O Sporting recebeu o Bodo/Glimt, na Noruega, e perdeu 3-0, em jogo da época europeia, com Rui Borges no leme. A derrota iguala o pior desaire do técnico com as cores verde e branca.
Na presidência de Rui Borges, os leões já tinham perdido por 3-0 frente ao Borussia Dortmund, nos play-offs da Champions, em Lisboa. O registo manteve-se: 3-0 em casa, com o regresso a Goodison? (pausa) Não, manter foco: em Alvalade houve empate de 0-0 na Alemanha.
Este ano, o Sporting já tinha sentido o sabor amargo de outro revés pesado frente ao Bayern Munique (3-1), na fase inicial da Champions, na Alemanha. Contas feitas, o percurso europeu soma três desaires, incluindo Napoli (2-1) e outros resultados.

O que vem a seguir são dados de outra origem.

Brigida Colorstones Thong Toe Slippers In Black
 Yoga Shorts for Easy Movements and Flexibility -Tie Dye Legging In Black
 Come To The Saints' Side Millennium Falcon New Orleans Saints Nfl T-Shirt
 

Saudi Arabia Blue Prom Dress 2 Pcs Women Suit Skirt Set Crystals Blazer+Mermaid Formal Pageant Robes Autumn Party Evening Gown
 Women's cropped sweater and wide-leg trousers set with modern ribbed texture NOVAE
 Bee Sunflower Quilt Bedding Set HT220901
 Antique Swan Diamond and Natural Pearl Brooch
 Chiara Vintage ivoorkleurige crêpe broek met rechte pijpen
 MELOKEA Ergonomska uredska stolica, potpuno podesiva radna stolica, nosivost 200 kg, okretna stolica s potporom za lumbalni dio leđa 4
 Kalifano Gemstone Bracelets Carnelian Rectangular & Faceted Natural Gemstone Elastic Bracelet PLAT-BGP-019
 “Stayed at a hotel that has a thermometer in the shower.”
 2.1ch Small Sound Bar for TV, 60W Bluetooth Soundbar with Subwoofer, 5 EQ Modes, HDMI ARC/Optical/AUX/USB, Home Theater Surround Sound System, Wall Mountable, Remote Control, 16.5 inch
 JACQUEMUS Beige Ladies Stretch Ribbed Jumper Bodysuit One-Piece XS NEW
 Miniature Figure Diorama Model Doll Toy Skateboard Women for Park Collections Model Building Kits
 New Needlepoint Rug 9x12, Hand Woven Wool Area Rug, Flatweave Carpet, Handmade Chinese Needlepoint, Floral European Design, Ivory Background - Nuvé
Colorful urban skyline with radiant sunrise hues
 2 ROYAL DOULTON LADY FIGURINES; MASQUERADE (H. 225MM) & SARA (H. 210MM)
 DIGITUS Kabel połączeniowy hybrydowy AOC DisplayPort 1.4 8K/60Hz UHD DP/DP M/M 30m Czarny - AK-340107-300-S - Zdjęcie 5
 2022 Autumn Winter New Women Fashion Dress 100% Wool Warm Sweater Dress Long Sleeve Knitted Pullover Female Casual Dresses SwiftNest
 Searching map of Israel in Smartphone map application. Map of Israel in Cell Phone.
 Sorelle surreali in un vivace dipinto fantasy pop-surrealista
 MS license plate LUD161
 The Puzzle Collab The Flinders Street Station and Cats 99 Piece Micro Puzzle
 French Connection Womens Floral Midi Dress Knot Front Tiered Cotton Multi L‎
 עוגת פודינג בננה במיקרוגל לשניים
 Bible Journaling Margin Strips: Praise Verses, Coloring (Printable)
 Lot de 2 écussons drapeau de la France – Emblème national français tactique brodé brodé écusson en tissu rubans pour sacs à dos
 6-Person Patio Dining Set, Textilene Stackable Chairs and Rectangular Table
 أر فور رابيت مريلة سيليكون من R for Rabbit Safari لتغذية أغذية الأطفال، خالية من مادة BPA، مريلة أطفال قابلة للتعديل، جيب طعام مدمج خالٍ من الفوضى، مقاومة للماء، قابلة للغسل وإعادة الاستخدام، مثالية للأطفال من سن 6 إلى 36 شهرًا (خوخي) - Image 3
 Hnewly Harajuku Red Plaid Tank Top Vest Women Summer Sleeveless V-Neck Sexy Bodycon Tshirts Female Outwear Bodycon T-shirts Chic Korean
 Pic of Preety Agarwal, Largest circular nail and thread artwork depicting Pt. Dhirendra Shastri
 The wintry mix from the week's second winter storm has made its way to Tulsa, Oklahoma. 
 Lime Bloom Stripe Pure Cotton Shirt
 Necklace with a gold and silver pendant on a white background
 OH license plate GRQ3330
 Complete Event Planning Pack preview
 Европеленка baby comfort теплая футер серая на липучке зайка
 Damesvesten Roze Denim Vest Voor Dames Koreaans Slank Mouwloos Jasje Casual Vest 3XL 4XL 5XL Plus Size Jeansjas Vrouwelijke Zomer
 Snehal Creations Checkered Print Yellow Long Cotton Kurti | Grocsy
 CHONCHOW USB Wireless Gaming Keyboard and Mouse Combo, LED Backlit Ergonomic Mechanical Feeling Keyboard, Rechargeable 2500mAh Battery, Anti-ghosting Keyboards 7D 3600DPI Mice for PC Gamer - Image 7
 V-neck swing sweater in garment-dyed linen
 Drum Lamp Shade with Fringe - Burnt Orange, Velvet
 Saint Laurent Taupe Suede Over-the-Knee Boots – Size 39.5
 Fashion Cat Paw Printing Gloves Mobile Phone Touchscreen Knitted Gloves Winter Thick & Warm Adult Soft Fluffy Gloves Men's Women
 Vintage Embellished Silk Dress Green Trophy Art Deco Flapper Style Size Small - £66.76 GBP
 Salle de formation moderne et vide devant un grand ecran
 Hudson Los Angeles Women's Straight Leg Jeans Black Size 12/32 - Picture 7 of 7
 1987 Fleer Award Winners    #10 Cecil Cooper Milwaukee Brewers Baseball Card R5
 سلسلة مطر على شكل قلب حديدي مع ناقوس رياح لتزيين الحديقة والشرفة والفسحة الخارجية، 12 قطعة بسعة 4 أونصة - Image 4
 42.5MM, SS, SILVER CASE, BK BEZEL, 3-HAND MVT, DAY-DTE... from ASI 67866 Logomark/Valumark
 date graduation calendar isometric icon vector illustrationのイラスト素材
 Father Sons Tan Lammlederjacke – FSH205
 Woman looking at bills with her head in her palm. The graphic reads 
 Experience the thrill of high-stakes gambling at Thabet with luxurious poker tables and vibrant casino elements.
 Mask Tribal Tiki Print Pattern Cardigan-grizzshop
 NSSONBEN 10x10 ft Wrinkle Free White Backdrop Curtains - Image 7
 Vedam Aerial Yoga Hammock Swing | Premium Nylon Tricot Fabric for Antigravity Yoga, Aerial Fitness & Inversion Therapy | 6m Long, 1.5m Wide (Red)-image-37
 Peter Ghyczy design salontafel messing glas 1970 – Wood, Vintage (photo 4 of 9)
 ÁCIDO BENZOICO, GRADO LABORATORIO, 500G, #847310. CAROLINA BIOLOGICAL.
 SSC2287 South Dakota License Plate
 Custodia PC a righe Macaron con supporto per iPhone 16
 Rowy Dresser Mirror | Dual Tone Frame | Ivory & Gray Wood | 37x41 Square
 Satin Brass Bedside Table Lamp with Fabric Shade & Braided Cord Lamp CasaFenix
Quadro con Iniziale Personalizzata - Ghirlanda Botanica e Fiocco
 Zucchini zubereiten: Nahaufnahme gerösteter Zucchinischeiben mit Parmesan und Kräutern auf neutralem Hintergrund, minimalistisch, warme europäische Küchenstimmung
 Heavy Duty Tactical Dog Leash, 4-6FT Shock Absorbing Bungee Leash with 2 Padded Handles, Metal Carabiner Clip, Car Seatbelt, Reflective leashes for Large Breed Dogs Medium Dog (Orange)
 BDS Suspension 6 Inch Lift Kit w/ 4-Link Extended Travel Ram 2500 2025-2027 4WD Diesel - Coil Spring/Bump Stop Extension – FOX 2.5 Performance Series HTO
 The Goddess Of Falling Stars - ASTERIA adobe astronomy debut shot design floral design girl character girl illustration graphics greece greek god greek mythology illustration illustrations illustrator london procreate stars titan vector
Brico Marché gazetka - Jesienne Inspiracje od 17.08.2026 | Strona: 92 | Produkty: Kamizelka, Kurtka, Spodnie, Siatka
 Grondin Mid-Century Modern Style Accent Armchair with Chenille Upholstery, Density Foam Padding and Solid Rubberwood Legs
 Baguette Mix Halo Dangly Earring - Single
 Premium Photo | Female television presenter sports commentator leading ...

Além disso, o conjunto verde e branco caiu ainda diante do Benfica (0-1) na Supertaça, do FC Porto (1-2) na Liga e do Vila-Real? (pausa) Notar: manter apenas informações verificáveis. Repetir com clareza: Vitória de 1-2 frente ao Vitória de Guimarães na Taça da Liga.
Historicamente, o Sporting já invertou uma diferença de três gols apenas uma vez em eliminatórias, perdendo 4-1 com o Manchester United e virando 5-0 em Alvalade, na Taça das Taças, em 1963/64.
Voltando ao presente, a derrota na Noruega junta-se a uma noite negra na história do clube, que remonta a 1999, na antiga Taça UEFA, quando sofreu três gols frente ao Viking, sob o comando de Giuseppe Materazzi, com Peter Schmeichel na baliza.